In it, Bond travels to Afghanistan to fight the Soviets with the Mujahideen, allowing the Bond franchise to make the kind of strict political statement it had long avoided with apolitical villains and sweeping generalisations about the Cold War.
This blunt and evocative approach to the world of Bond helped Dalton lean into his more weathered, cold allure. What followed was a film few were truly ready for: Dalton was tired and brutal, vulnerable and verging on completely humourless.
For people accustomed to Moore's take, it was a major twist, but it still managed to pack a punch at the box office, beating out the previous two Bond flicks worldwide. It made the idea of another Dalton movie a sure thing.

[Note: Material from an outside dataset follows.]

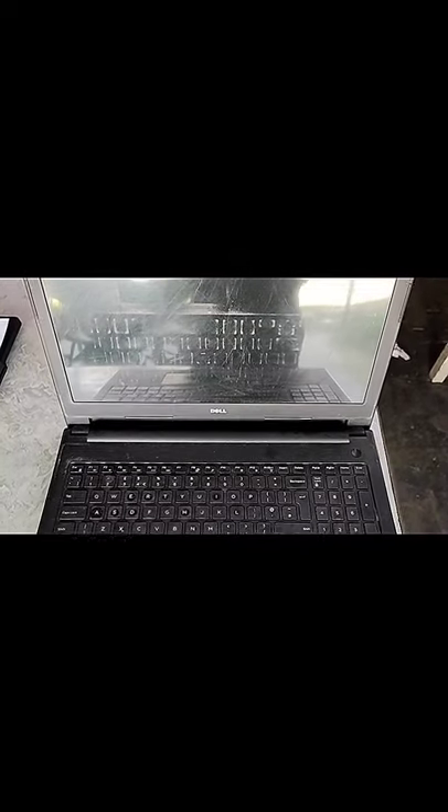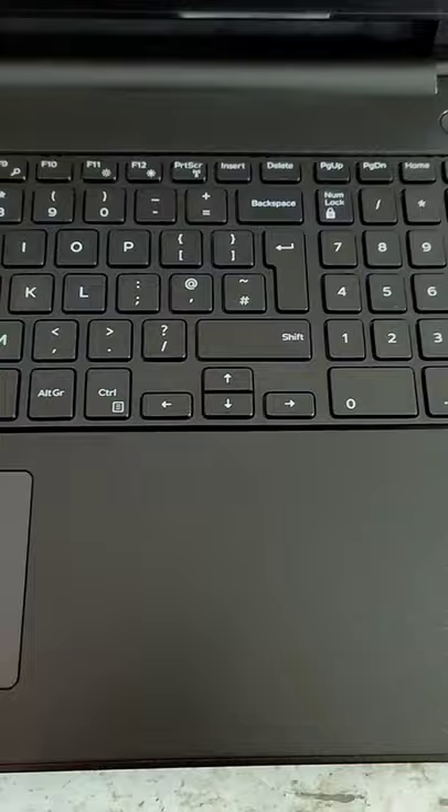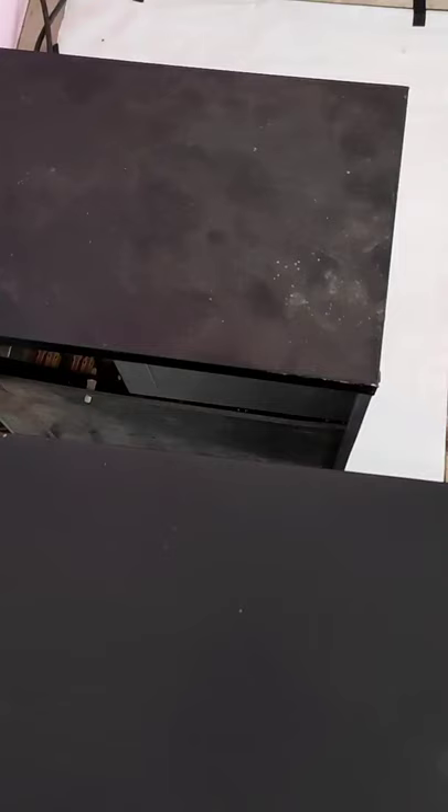Hello guys, many viewers ask me how I clean this laptop like new. I will show you in this video how I clean it. I have my PC to clean, so first of all you use a brush.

But no one could prepare themselves for what came next.
https://whatculture.com/film/why-timothy-dalton-is-secretly-the-best-james-bond?page=5
The Living Daylights had been popular, its blunt grittiness proving to be a welcome departure from what audiences had previously grown accustomed to. Two years later, Dalton returned for License to Kill - not just his final Bond film, but his best and most thematically daring.
In it, Bond learns that his close friend Felix Leiter has been attacked, and his wife has been raped and killed. Vengeful, Bond leaves the MI6 and becomes a rogue agent, a man desperate for retribution.
The first Bond film to not be named after a Fleming novel, License to Kill also landed an age 15 rating in the UK, the only time this has happened in the series.
And it's easy to see why. Clashing with Robert Davi's drug lord Franz Sanchez, Dalton takes what made him great in The Living Daylights and dials it up to eleven. He's a meaner, colder, more uncompromising assassin than ever before, driven by his rage-fuelled emotions and unrelenting in his single-minded mission.
With License to Kill, Dalton proved to be a Bond no one was really ready for in the 80s. His lack of humour was an issue for many, his increasingly violent edge an off-putting deal-breaker for many more. Some saw his greatness straight away, but not enough to make a dent in the legacy of Connery or Moore.
Unfortunately, Dalton never got a chance to return to the role. A seemingly endless legal dispute between MGM and Eon Productions was ignited after License to Kill was released, and by the time it ended in 1994, Dalton was done with the role and declined to return, his tux being filled in GoldenEye by Pierce Brosnan.
But his influence didn't end there.
https://whatculture.com/film/why-timothy-dalton-is-secretly-the-best-james-bond?page=6
Some twenty years after Timothy Dalton finished up his cruelly short-lived tenure as Bond, the franchise was in dire need of a new look once more. Pierce Brosnan's last outing, Die Another Day, had turned the movies into a laughing stock, and Daniel Craig was brought in to add a stripped-down level of grit to the waning series.
Craig proved to be a perfect fit for the role, bringing Bond into the 21st century with a level of vulnerability, humanity and ruthless proficiency that hadn't been seen since Dalton. With his performance, a new generation of critics and audiences were found drawn back to Dalton's portrayal of the spy, realising just how ahead of his time he was.
For five films, Craig gave the performance of a lifetime, changing the fabric of the series forever with a spy who was as painfully human as he was a mean bastard, and a killer as much as he was a tragic romantic.
But even so, it was Dalton who perfected this image first, his films proving that Craig was stood on the shoulders of a giant throughout his run.
With Craig's tenure finally over and the Bond franchise ready for a new generation of moviegoers, it's worth remembering that without Timothy Dalton, we may never have made it here, and that with his performance he gave fans the greatest iteration of James Bond anyone's ever likely to see.
He was, and forever will be, the best of the best.